Survivors of James Smith Cree Nation stabbing rampage try to move past their 'never-ending pain'
CBC
WARNING: This story contains distressing details.
Keenan Head was sleeping when death came to his doorstep.
It was sometime between 5:30 and 6 a.m. on Sept. 4, 2022. His girlfriend heard the crunch of tires on gravel in the driveway, followed by heavy steps up the small wooden porch to the door of her home.
She shook him awake and he stumbled toward the door, where he saw his childhood friend, Myles Sanderson — who at the time was in the midst of a deadly armed rampage through the James Smith Cree Nation, about 200 km northeast of Saskatoon.
"He was just saying, 'F-you, f-you' all the time," Head said.
"I thought he was punching me … I thought he was giving me some bro shots."
But they were knife wounds.
"I was stabbed 20 times," Head said.
"First, the paramedics counted 18, and I snapped out of it and they counted 20. Twenty stab wounds and a punctured lung."
Head's girlfriend was also stabbed four times.
Sanderson is believed to have killed 11 people — including his brother Damien — and injured 18 others in the small Cree nation and the nearby town of Weldon, Sask.
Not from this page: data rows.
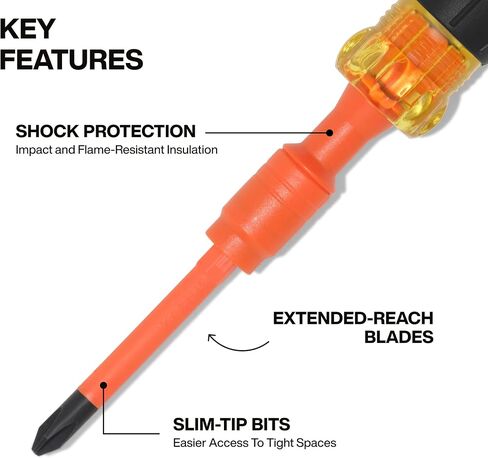 مفك براغي معزول متعدد القطع 4 في 1 من Klein Tools 32604INS، محرك متعدد القطع مع طوق قفل تلقائي، تصنيف 1000 فولت، تخزين لقم في المقبض in Kuwait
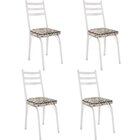 Kit 4 Cadeiras Para Cozinha Tubular D-13 Nara De Aço Branco/c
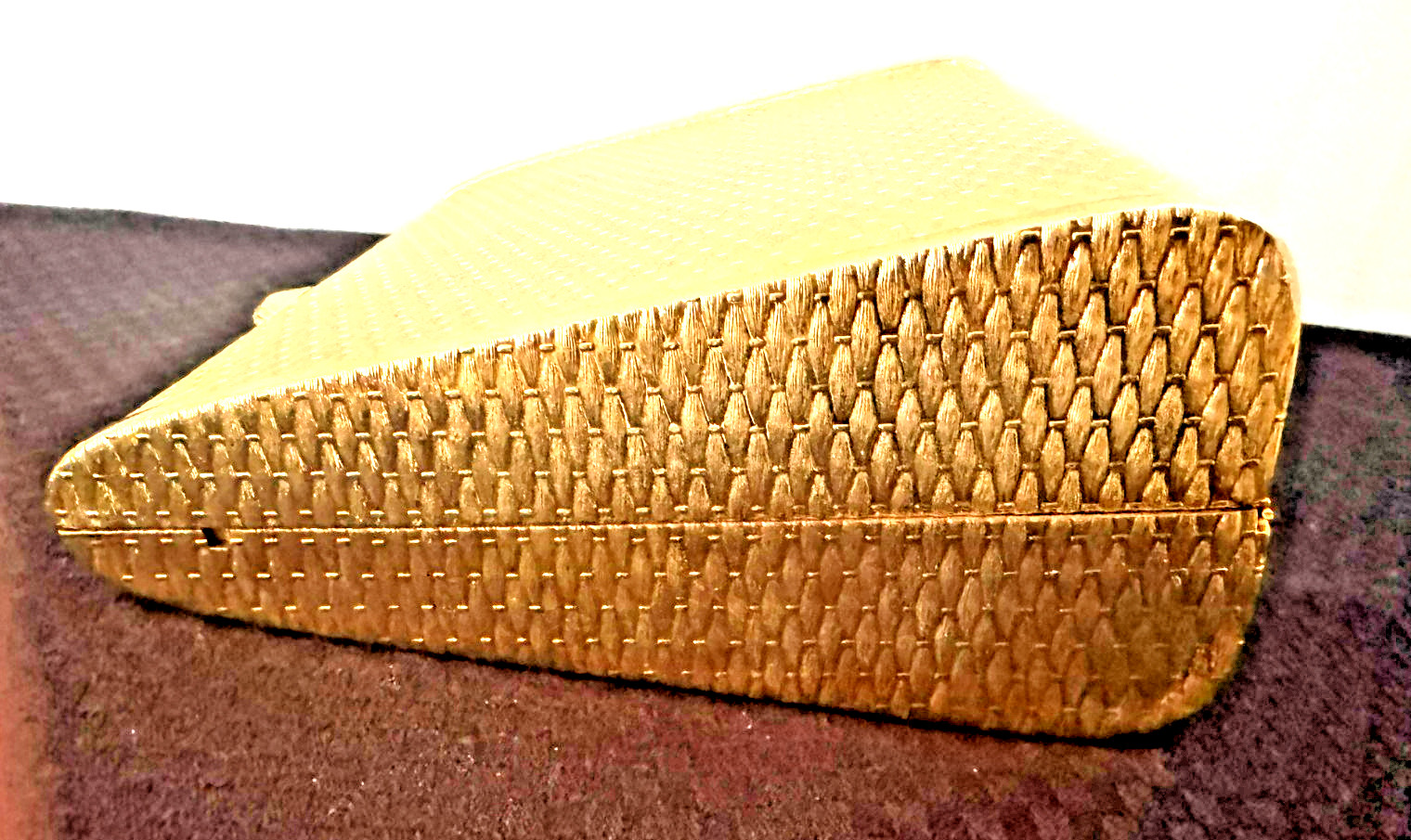 Vintage Fendi HardCase Minaudiere Gold Metal Evening Clutch 70s 80s S.A.S. Roma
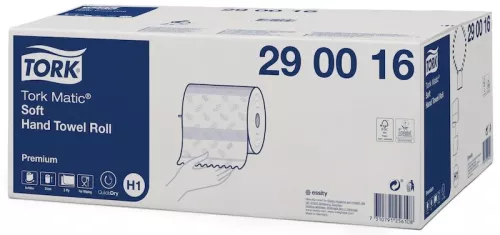 Pappershandduk Tork Matic Mjuk Premium H1 – extra mjukt och absorberande handtorkpapper i rulle för hygienisk och effektiv torkning i H1-dispensersystem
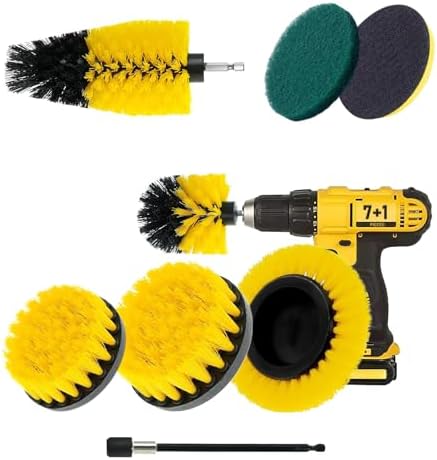 Drill Brush Cleaning Solution Kit - 7 Brushes + 1 Scrub Pad, Power Scrubber for Bathroom, Kitchen, Tiles & Car Cleaning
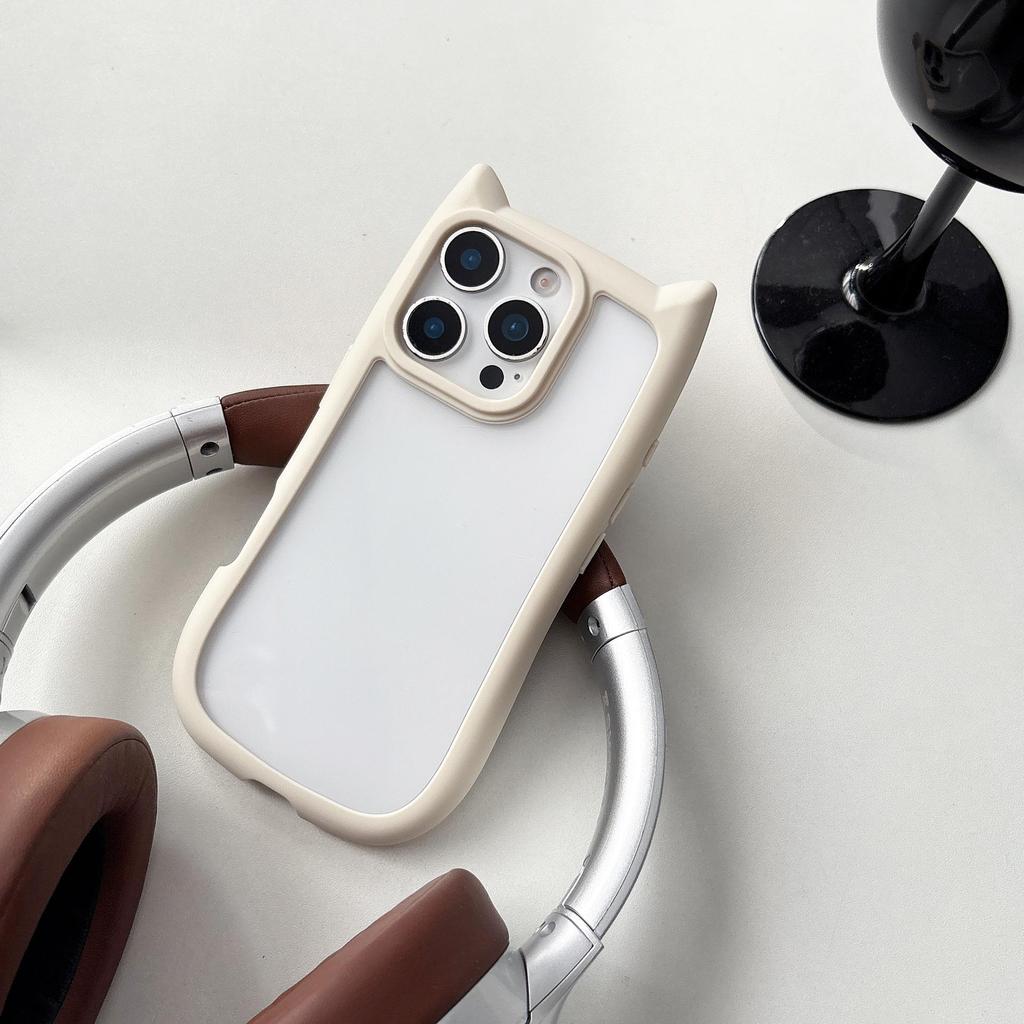 Cat Ears Epoxy Phone Case for Apple 17 Pro Max - High-End, Drop-Proof, Trendy Design for Women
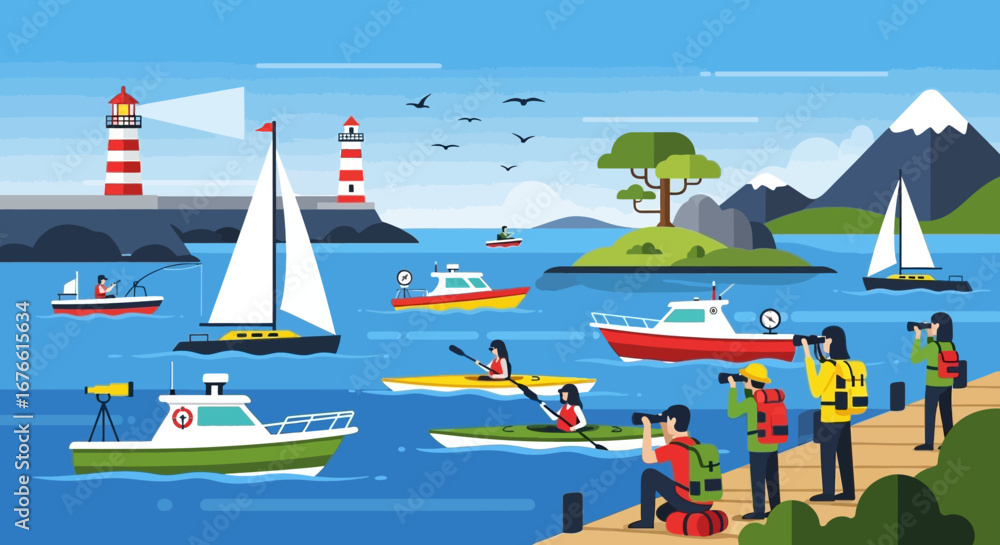 Naklejka premium Coastal Scene with Boats, Kayaks, Birdwatchers, and Distant Mountains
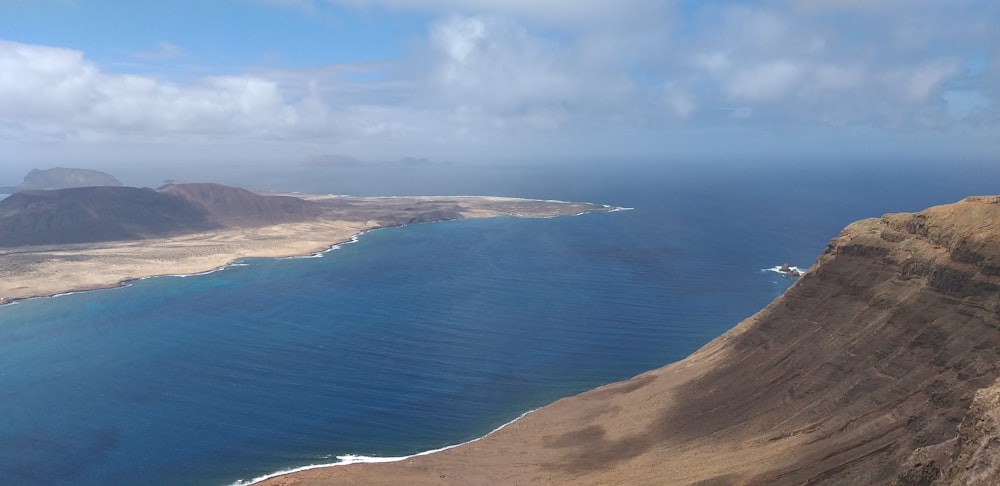 aerial photo of sand near body of water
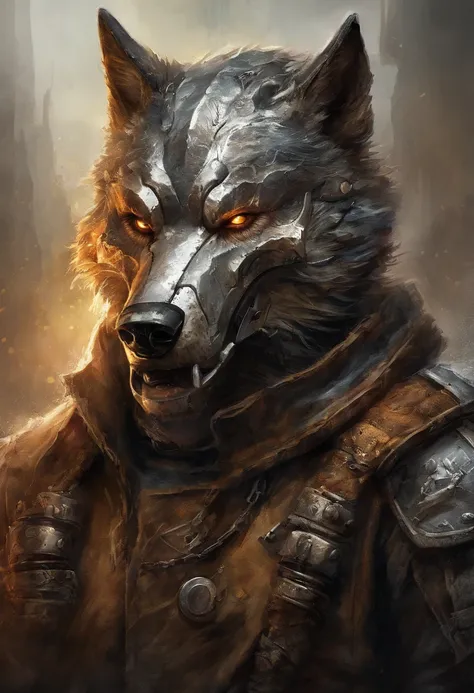 maximum quality, Dramatic lighting, menacing pose, fierce expression, epic atmosphere, (((wolf head shaped helmet))), (((full body shot))),a wolf made out of metal, cyborg, cyberpunk style, clockwork, ((intricate details)), hdr, ((intricate details, hyperd...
It was the deadliest stabbing spree in Canadian history.
Sanderson was arrested and died in police custody after an intense four-day search.
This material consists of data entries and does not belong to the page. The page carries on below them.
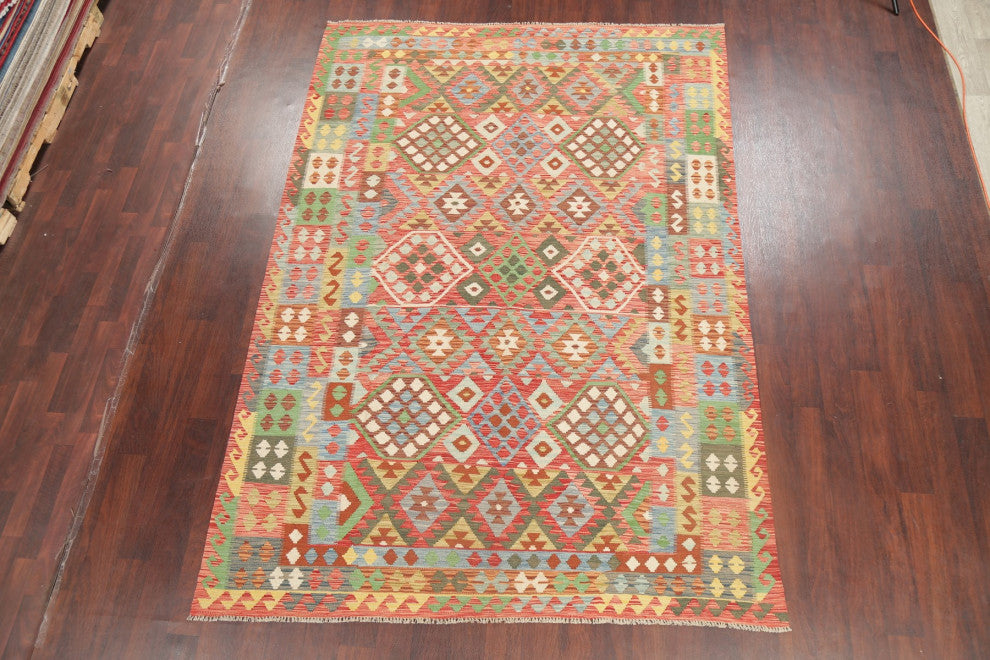 Kilim Southwestern Oriental Hand-Woven Turkish Traditional Area Rug, 9'8"x6'10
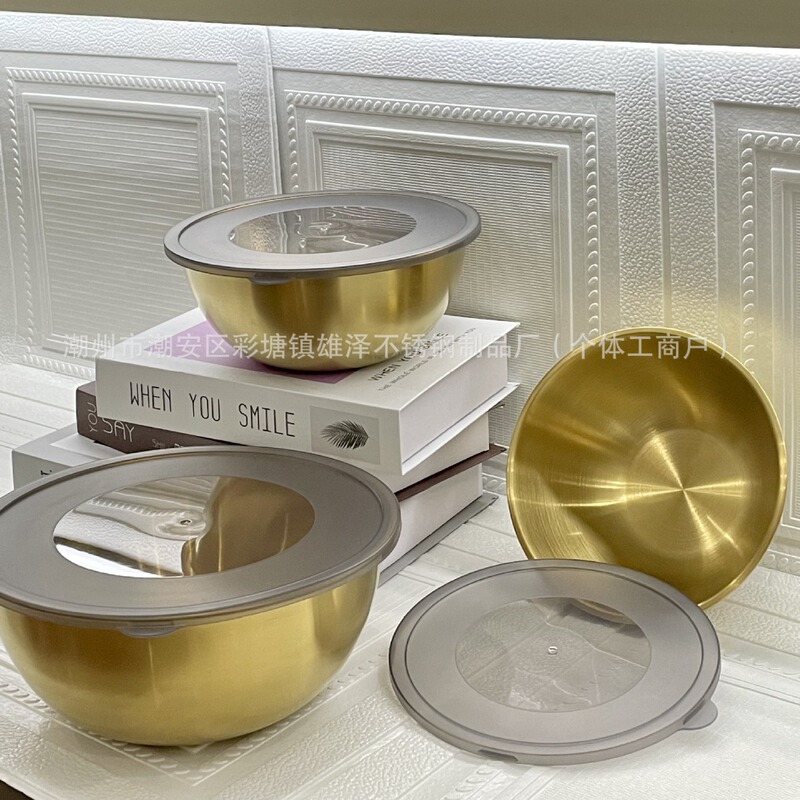 [with Lid] Stainless Steel Salad Bowl Kitchen Baking Egg Cooking Kitchen Household Vegetable Basin Japanese Style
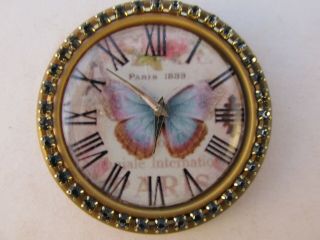 Vegetable Ivory Studio Button: Butterfly Clock,  Glass Watch Crystal,  Rhinestones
Half a year after the massacre, Head and other victims who spoke to CBC News say they continue to struggle and need more support as they search for answers behind layers of trauma.
They'll have to wait until early 2024 for two inquests to begin — one looking into the massacre, the other into Sanderson's death — to allow the RCMP time to conclude its investigation.